NGFA signs cooperative alliance with OSHA
Alliance will provide information, guidance and access to resources that help to protect the safety of workers
The U.S. Department of Labor’s Occupational Safety and Health Administration (OSHA) and the National Grain and Feed Association (NGFA) have formed an alliance that will allow the grain, feed and processing industry to work more closely and collaboratively with the regulatory agency.
The alliance, signed by Deputy Assistant Secretary and Acting Assistant Secretary of OSHA Loren Sweatt and NGFA President Randy Gordon, during NGFA’s board of directors meeting in Washington, D.C., on September 13, provides NGFA members and others with information, guidance and access to resources that help to protect the safety of workers.
“I know you all are committed to safety and health,” Sweatt said before the NGFA board of directors at the signing. “And I know that this is a message you are committed to and will carry back home.”
This collaboration – which lasts for two years – is designed to help NGFA build trusting, cooperative relationships with the agency; network with OSHA staff to increase lines of communication within the agency; leverage resources to maximize worker safety and health protection; and gain recognition as a proactive leader in safety and health.

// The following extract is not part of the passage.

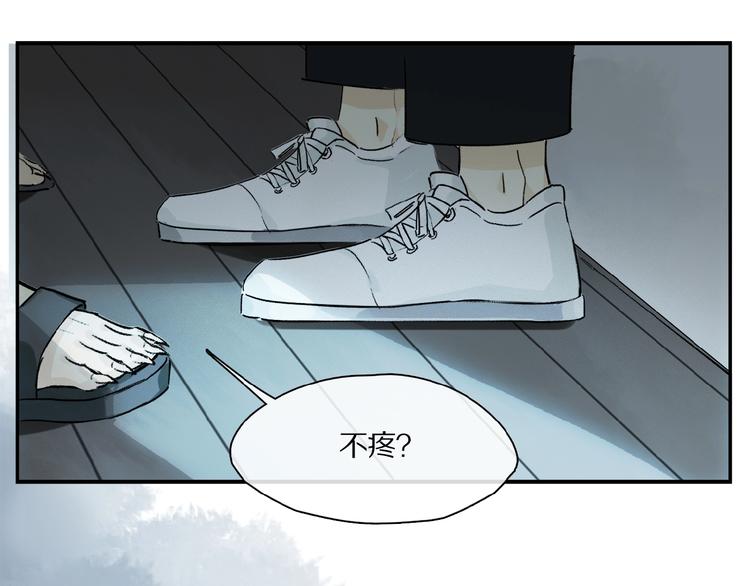 第28话 别拒绝我101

There are few formal program requirements for alliances, and the agreements do not include a standards or enforcement component. However, OSHA and the participating organizations must define, implement and meet a set of short and long-term goals that fall into two categories: 1) raising awareness of OSHA’s rulemaking and enforcement initiatives and 2) outreach and communication.

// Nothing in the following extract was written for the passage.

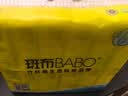 斑布base系列抽纸 原生竹浆 餐巾纸纸巾 卫生纸 婴童可用 遇水不易破 3层 90抽*24包 实拍图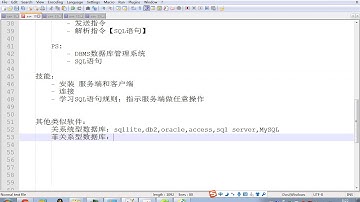 python教程第02章并发编程&数据库&前端之第202课(MySQL介绍)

Acting Deputy Assistant Secretary Tom Galassi has described alliance between the NGFA and OSHA as “the first step in a process where we work together to allow you to understand OSHA and us you.”
Through the alliance, the NGFA and OSHA will focus on providing NGFA members and OSHA staff with information guidance and access to resources regarding the safety and health hazards associated with grain bin entry, machine guarding, respiratory protection, falls, heat, combustible dust, struck-by and lockout/tagout. The sharing of information can be done through promoting participation in OSHA’s cooperative programs; and speaking or exhibiting at conferences and meetings.

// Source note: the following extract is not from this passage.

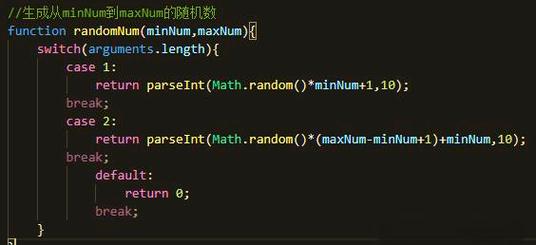 JavaScript如何实现基于随机数的抽奖机制？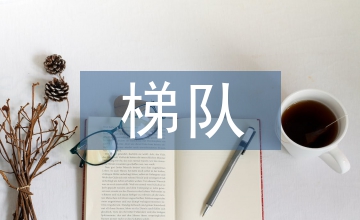 培養人才梯隊建設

Greg Rowe, vice president of grain and processing operations at Perdue Agribusiness, Salisbury, Maryland, and chair of NGFA’s Safety, Health and Environmental Quality Committee, said the alliance will provide more a proactive and structured process with the agency and will allow NGFA members to more frequently meet “face to face with OSHA on a more regular basis.”
An implementation team consisting of representatives from each organization will meet to develop a work plan, determine working procedures, and identify the roles and responsibilities of the participants. NGFA’s team will include staff and members of the Safety, Health and Environmental Quality committee. OSHA’s team will consist of staff from the Directorate of Cooperative and State Programs, Directorate of Enforcement Programs, Directorate of Standards and Guidance and selected regions, including 5, 6, 7, 8 and 10. The American Feed Industry Association and the Grain Elevator Processing Society also will be invited to participate on the implementation team as guests.
Kim Stille, the OSHA Region VII administrator, said the alliance provides an opportunity for the agency and the industry to learn from each other. By focusing on significant hazards faced in five OSHA regions, Stille said the alliance will help OSHA “work in a collaborative fashion … with the industry to identify the hazards and communicate them to a wider audience” than we could with inspections.